— Task —
Copy, from the data below, every line that has "Denim" in it.

— Records —
=======
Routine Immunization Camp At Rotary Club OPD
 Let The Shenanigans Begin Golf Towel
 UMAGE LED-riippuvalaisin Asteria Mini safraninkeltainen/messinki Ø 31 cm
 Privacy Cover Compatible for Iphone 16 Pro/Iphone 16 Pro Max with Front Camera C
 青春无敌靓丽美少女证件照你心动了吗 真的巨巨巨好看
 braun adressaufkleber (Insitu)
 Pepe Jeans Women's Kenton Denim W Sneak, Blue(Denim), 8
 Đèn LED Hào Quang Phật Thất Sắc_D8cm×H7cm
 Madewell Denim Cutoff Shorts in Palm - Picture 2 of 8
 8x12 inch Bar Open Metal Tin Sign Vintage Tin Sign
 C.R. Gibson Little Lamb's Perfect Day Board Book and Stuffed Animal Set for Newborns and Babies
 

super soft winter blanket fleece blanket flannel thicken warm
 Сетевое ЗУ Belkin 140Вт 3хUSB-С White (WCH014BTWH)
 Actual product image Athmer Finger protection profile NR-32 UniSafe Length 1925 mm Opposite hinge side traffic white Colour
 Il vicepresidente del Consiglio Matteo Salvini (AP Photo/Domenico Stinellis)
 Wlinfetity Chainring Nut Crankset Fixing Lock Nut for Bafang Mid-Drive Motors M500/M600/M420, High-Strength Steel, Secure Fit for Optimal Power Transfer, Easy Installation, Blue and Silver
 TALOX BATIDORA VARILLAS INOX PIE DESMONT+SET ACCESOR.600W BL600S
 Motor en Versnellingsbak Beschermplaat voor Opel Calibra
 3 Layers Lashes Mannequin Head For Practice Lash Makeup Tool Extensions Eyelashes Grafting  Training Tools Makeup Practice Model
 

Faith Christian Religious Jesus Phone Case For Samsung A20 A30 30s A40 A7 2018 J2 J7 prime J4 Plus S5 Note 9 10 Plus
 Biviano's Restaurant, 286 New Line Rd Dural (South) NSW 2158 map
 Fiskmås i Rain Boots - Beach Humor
=======
— Solution to this exercise —
 Pepe Jeans Women's Kenton Denim W Sneak, Blue(Denim), 8
 Madewell Denim Cutoff Shorts in Palm - Picture 2 of 8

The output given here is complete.